Do not include the pictures; repeat the rest of the data exactly.

Information supplied —
╔══

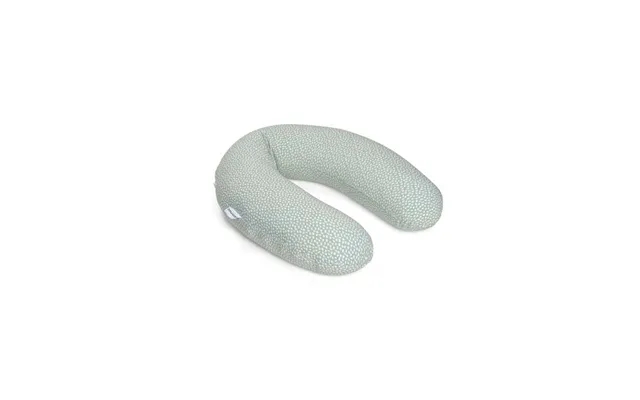 Doomoo nursing pillow pregnancy pillow - moln kaki product image
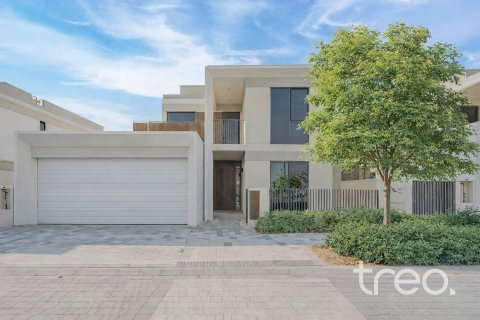 Villa til salg i Tilal Al Ghaf, Dubai, UAE 4 soveværelser, 373.19 kvm № 733093 - foto 1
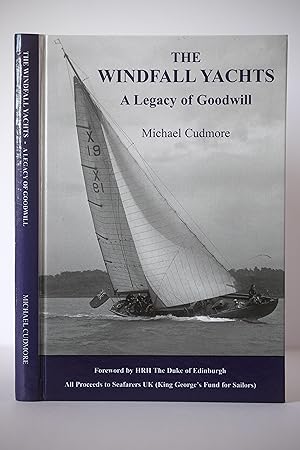 The Windfall Yachts: A Legacy of Goodwill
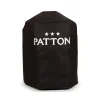 Patton Beschermhoes Kamado Medium Tafelmodel 16"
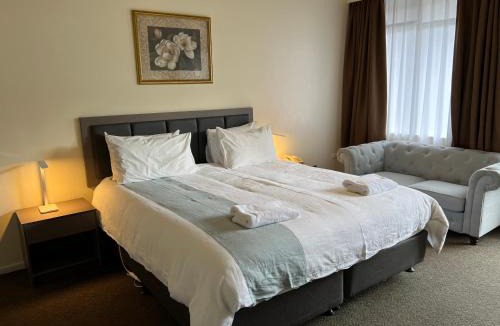 Traralgon Hotel | Best Western Governor Gipps Motor Inn Traralgon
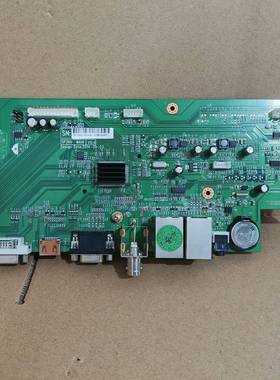 议价SP366液晶拼接图像处理器主板液晶拼适用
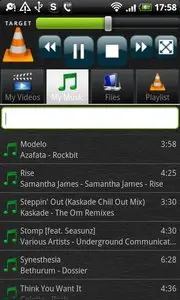 VLC Direct Pro v5.2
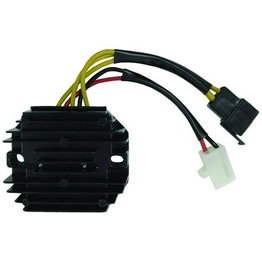 31400-333-004REGULATORANDRECTIFIER International Lighting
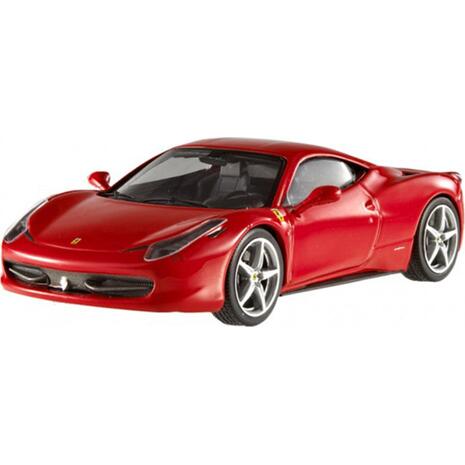 Αυτοκινητάκι Burago Ferrari 458 Italia 1:24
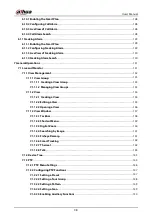 Preview for 14 page of Dahua Technology IVSS User Manual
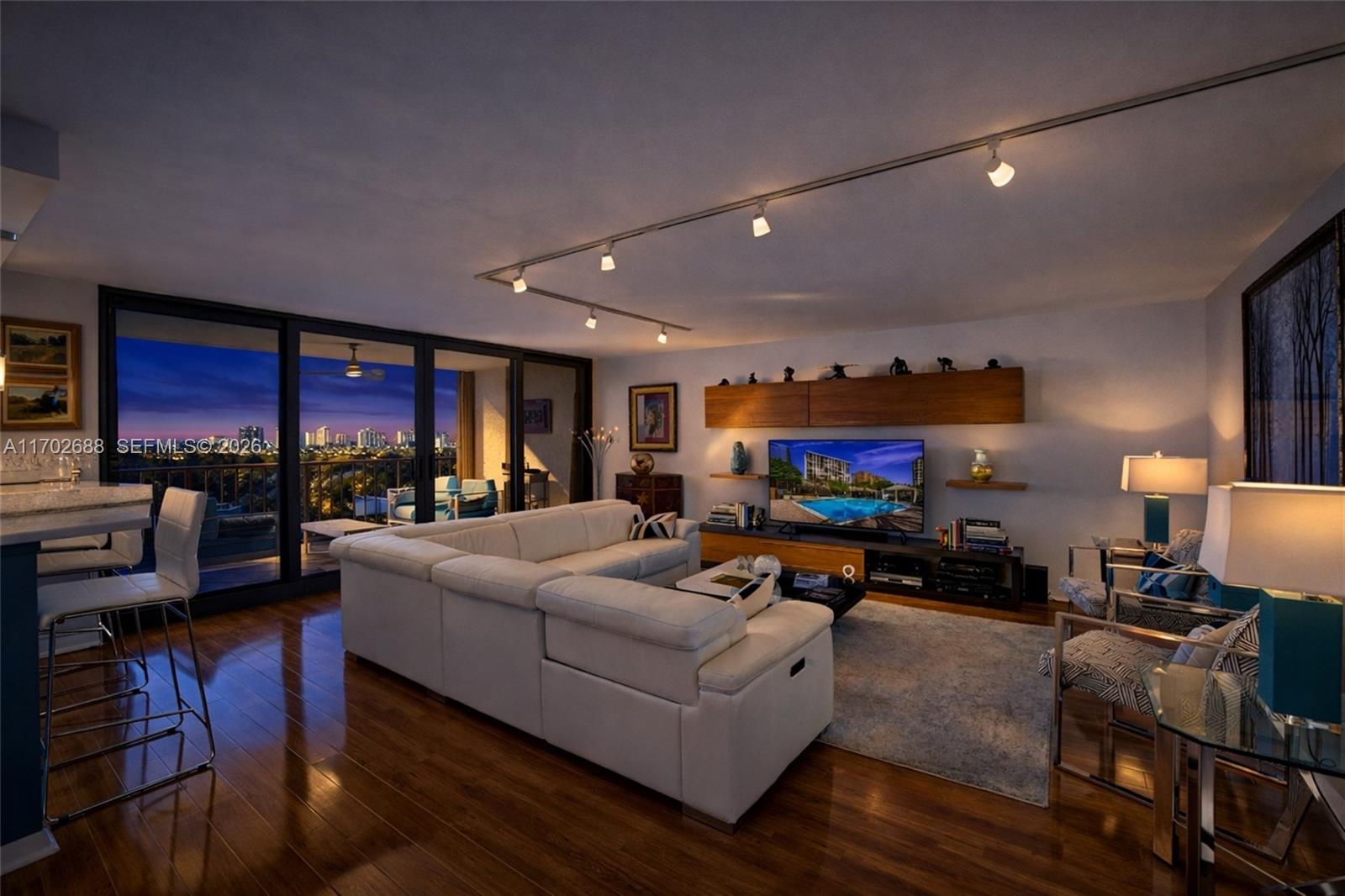 SHORE CLUB CONDO - Residential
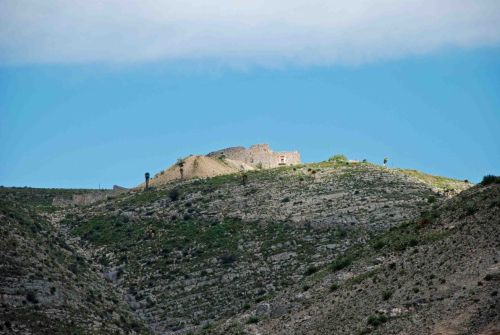 Fotografia de Carlos - Galeria Fotografica: Parques y paseos SLP - Foto: Real de Catorce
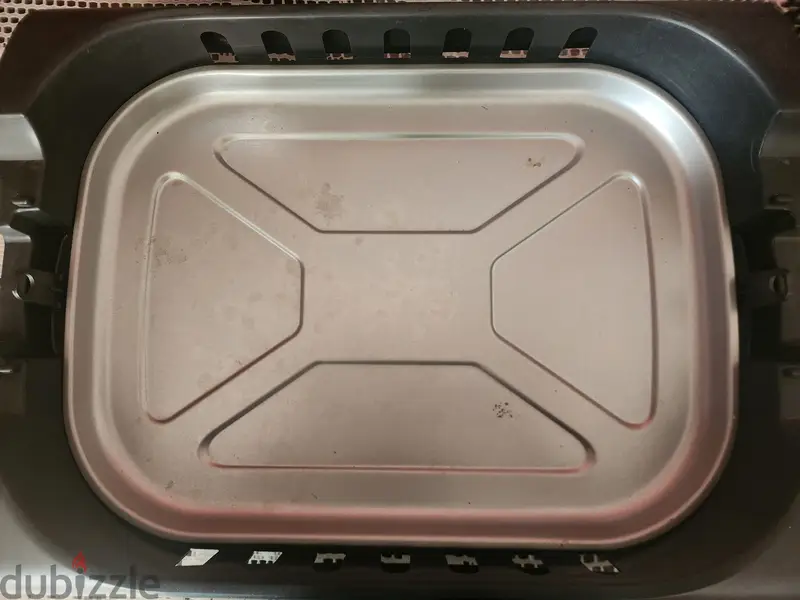 Black and decker - electric grill64056759567361123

╚══

Your response —
 Doomoo nursing pillow pregnancy pillow - moln kaki product image
 Villa til salg i Tilal Al Ghaf, Dubai, UAE 4 soveværelser, 373.19 kvm № 733093 - foto 1
 The Windfall Yachts: A Legacy of Goodwill
 Patton Beschermhoes Kamado Medium Tafelmodel 16"
 Traralgon Hotel | Best Western Governor Gipps Motor Inn Traralgon
 议价SP366液晶拼接图像处理器主板液晶拼适用
 VLC Direct Pro v5.2
 31400-333-004REGULATORANDRECTIFIER International Lighting
 Αυτοκινητάκι Burago Ferrari 458 Italia 1:24
 Preview for 14 page of Dahua Technology IVSS User Manual
 SHORE CLUB CONDO - Residential
 Fotografia de Carlos - Galeria Fotografica: Parques y paseos SLP - Foto: Real de Catorce
 Black and decker - electric grill64056759567361123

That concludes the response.